Windows Mobile

开发平台：
Visual C++

Dictionary.cpp：源码内容
							/*
 * Copyright (c) 2001,2002,2003 Mike Matsnev.  All Rights Reserved.
 *
 * Redistribution and use in source and binary forms, with or without
 * modification, are permitted provided that the following conditions
 * are met:
 *
 * 1. Redistributions of source code must retain the above copyright
 *    notice immediately at the beginning of the file, without modification,
 *    this list of conditions, and the following disclaimer.
 * 2. Redistributions in binary form must reproduce the above copyright
 *    notice, this list of conditions and the following disclaimer in the
 *    documentation and/or other materials provided with the distribution.
 * 3. Absolutely no warranty of function or purpose is made by the author
 *    Mike Matsnev.
 *
 * THIS SOFTWARE IS PROVIDED BY THE AUTHOR ``AS IS'' AND ANY EXPRESS OR
 * IMPLIED WARRANTIES, INCLUDING, BUT NOT LIMITED TO, THE IMPLIED WARRANTIES
 * OF MERCHANTABILITY AND FITNESS FOR A PARTICULAR PURPOSE ARE DISCLAIMED.
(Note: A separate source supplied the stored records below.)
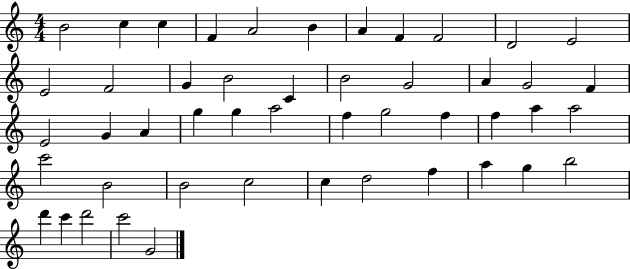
{
  \clef treble
  \numericTimeSignature
  \time 4/4
  \key c \major
  b'2 c''4 c''4 | f'4 a'2 b'4 | a'4 f'4 f'2 | d'2 e'2 | \break e'2 f'2 | g'4 b'2 c'4 | b'2 g'2 | a'4 g'2 f'4 | \break e'2 g'4 a'4 | g''4 g''4 a''2 | f''4 g''2 f''4 | f''4 a''4 a''2 | \break c'''2 b'2 | b'2 c''2 | c''4 d''2 f''4 | a''4 g''4 b''2 | \break d'''4 c'''4 d'''2 | c'''2 g'2 | \bar "|."
}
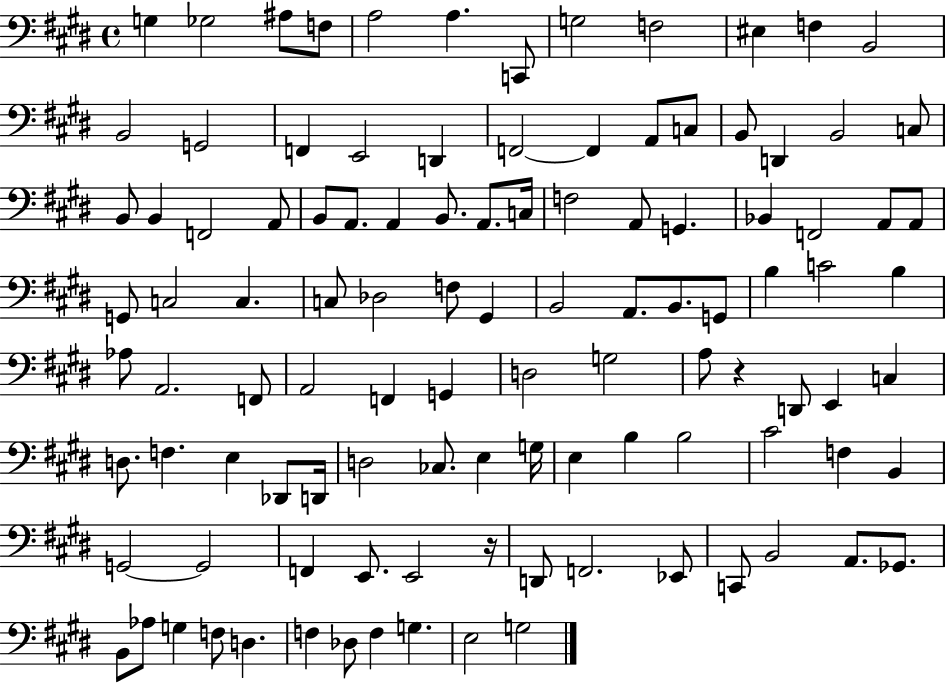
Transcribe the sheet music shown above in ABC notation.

X:1
T:Untitled
M:4/4
L:1/4
K:E
G, _G,2 ^A,/2 F,/2 A,2 A, C,,/2 G,2 F,2 ^E, F, B,,2 B,,2 G,,2 F,, E,,2 D,, F,,2 F,, A,,/2 C,/2 B,,/2 D,, B,,2 C,/2 B,,/2 B,, F,,2 A,,/2 B,,/2 A,,/2 A,, B,,/2 A,,/2 C,/4 F,2 A,,/2 G,, _B,, F,,2 A,,/2 A,,/2 G,,/2 C,2 C, C,/2 _D,2 F,/2 ^G,, B,,2 A,,/2 B,,/2 G,,/2 B, C2 B, _A,/2 A,,2 F,,/2 A,,2 F,, G,, D,2 G,2 A,/2 z D,,/2 E,, C, D,/2 F, E, _D,,/2 D,,/4 D,2 _C,/2 E, G,/4 E, B, B,2 ^C2 F, B,, G,,2 G,,2 F,, E,,/2 E,,2 z/4 D,,/2 F,,2 _E,,/2 C,,/2 B,,2 A,,/2 _G,,/2 B,,/2 _A,/2 G, F,/2 D, F, _D,/2 F, G, E,2 G,2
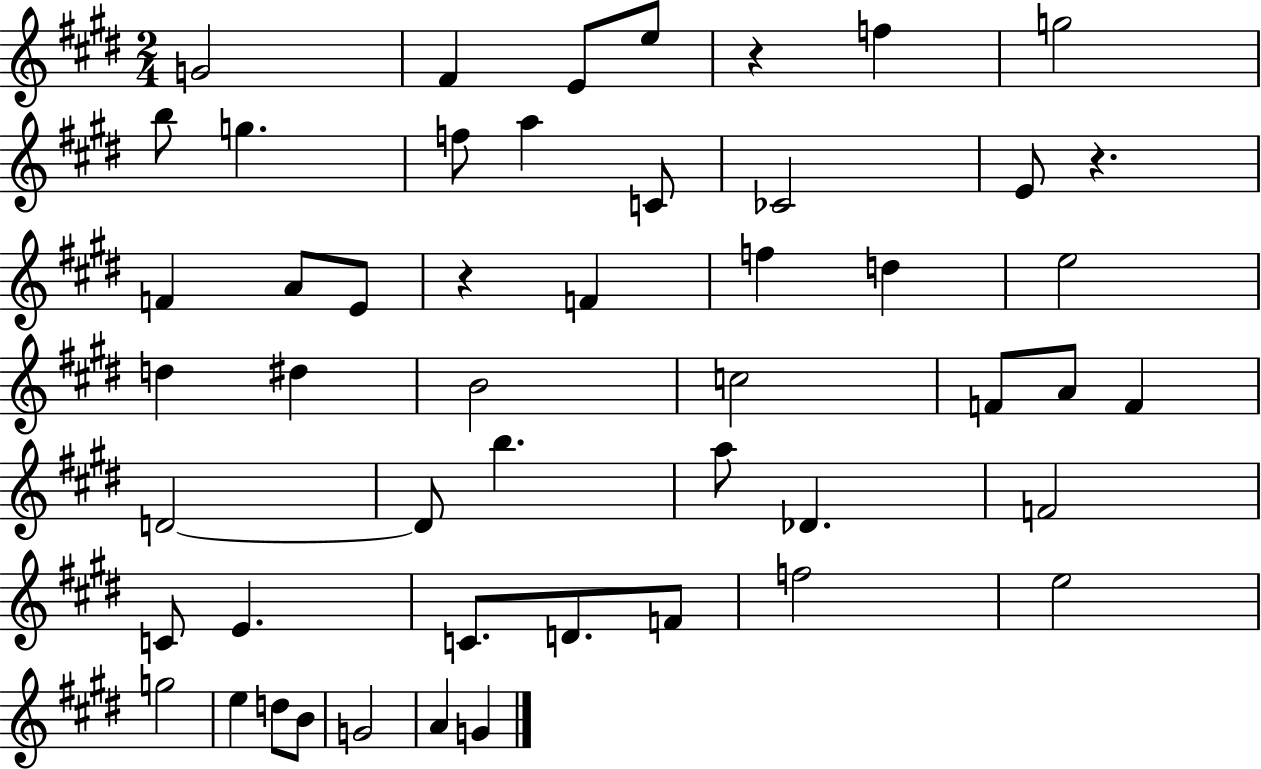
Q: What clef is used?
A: treble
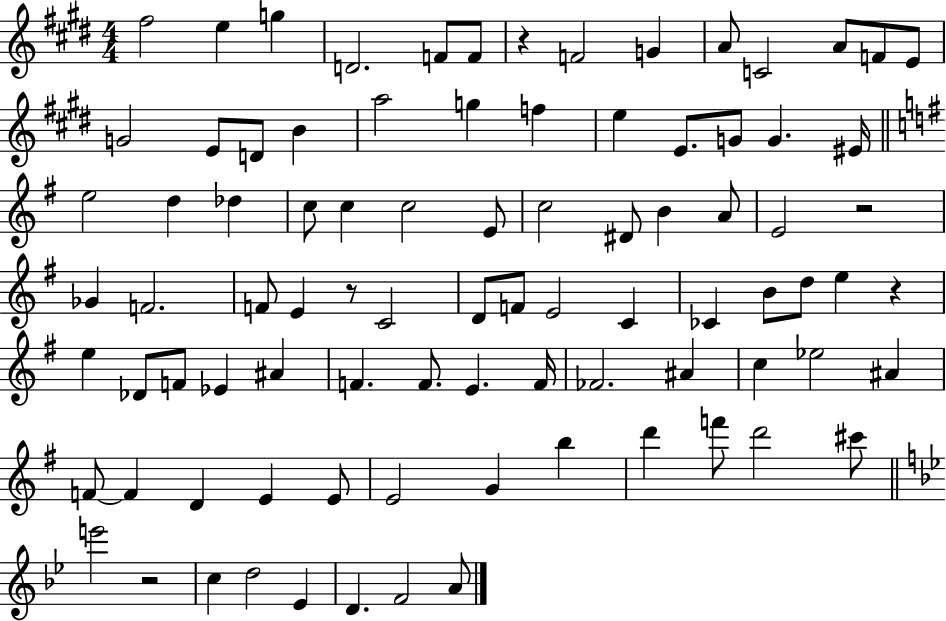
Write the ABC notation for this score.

X:1
T:Untitled
M:4/4
L:1/4
K:E
^f2 e g D2 F/2 F/2 z F2 G A/2 C2 A/2 F/2 E/2 G2 E/2 D/2 B a2 g f e E/2 G/2 G ^E/4 e2 d _d c/2 c c2 E/2 c2 ^D/2 B A/2 E2 z2 _G F2 F/2 E z/2 C2 D/2 F/2 E2 C _C B/2 d/2 e z e _D/2 F/2 _E ^A F F/2 E F/4 _F2 ^A c _e2 ^A F/2 F D E E/2 E2 G b d' f'/2 d'2 ^c'/2 e'2 z2 c d2 _E D F2 A/2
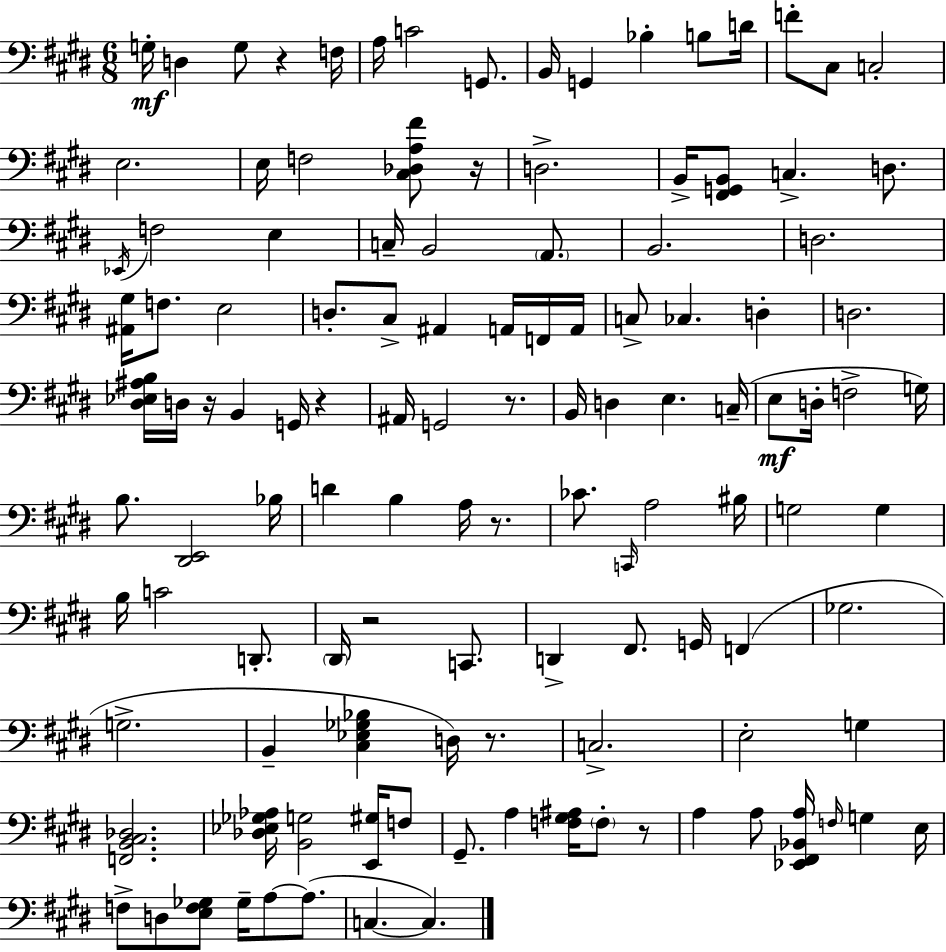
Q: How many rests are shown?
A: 9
 * IN NO EVENT SHALL THE AUTHOR BE LIABLE FOR ANY DIRECT, INDIRECT,
 * INCIDENTAL, SPECIAL, EXEMPLARY, OR CONSEQUENTIAL DAMAGES (INCLUDING, BUT
 * NOT LIMITED TO, PROCUREMENT OF SUBSTITUTE GOODS OR SERVICES; LOSS OF USE,
 * DATA, OR PROFITS; OR BUSINESS INTERRUPTION) HOWEVER CAUSED AND ON ANY
 * THEORY OF LIABILITY, WHETHER IN CONTRACT, STRICT LIABILITY, OR TORT
 * (INCLUDING NEGLIGENCE OR OTHERWISE) ARISING IN ANY WAY OUT OF THE USE OF
 * THIS SOFTWARE, EVEN IF ADVISED OF THE POSSIBILITY OF SUCH DAMAGE.
 * 
 * $Id: Dictionary.cpp,v 1.23.2.3 2004/07/07 12:04:46 mike Exp $
 * 
 */
#include <afx.h>
#include <afxtempl.h>
#include "ptr.h"
#include "zlib.h"
#include "Unicode.h"
#include "RFile.h"
#include "TextParser.h"
#include "Dictionary.h"
#ifdef _DEBUG
#undef THIS_FILE
static char THIS_FILE[]=__FILE__;
#define new DEBUG_NEW
#endif
class Dict : public IDict
{
public:
  Dict(RFile *fp);
  ~Dict() { }
  int	  NumWords() { return m_numwords; }
  Buffer<wchar_t> GetWordW(int index);
  bool	  Find(const wchar_t *word,int& index,int& found);
  bool	  FindImp(const wchar_t *word,int& index,int *found);
  bool	  Valid() { return m_ok; }
  int	  GetStartPofWord(int index);
  int	  GetWordFromP(int para);
  int	  GetNumP() { return m_numpara; }
protected:
  struct Block {
    Buffer<char>  key;	    /* key */
    int		wordidx;    /* first word index */
    int		numwords;   /* number of words in this block */
    int		size;	    /* uncompressed block size */
    int		csize;	    /* compressed size */
    int		off;	    /* offset in the file */
    int		numpara;    /* number of paragraphs in this block */
    int		paraidx;    /* starting paragraph */
  };
  kilo::auto_ptr<RFile>	m_rf;
  DWORD			m_numblk;
  DWORD			m_numwords;
  int			m_curblk;
  CPtrArray		m_windex; // words in current block
  CPtrArray		m_kindex; // keys
  CUIntArray		m_pindex; // paragraphs
  Buffer<char>		m_buffer;
  CArray<Block,Block&>	m_blocks;
  bool			m_ok;
  LCID			m_lcid;
  UINT			m_ms_codepage;
  int			m_codepage;
  int			m_numpara;
  bool	      GetBlk(int num);
  const char  *GetWordImp(int index);
  bool	      OpenOld();
  bool	      OpenNew();
};
static DWORD    getdword(RFile *fp) {
  BYTE	  b[4];
  int	  rd=fp->read2(b,4);
  if (rd!=4)
    return 0;
  return ((DWORD)b[3]<<24)|((DWORD)b[2]<<16)|((DWORD)b[1])<<8|b[0];
}
bool Dict::OpenNew() {
  if ((m_lcid=getdword(m_rf.get()))==0)
    return false;
  if (!IsValidLocale(m_lcid,LCID_INSTALLED))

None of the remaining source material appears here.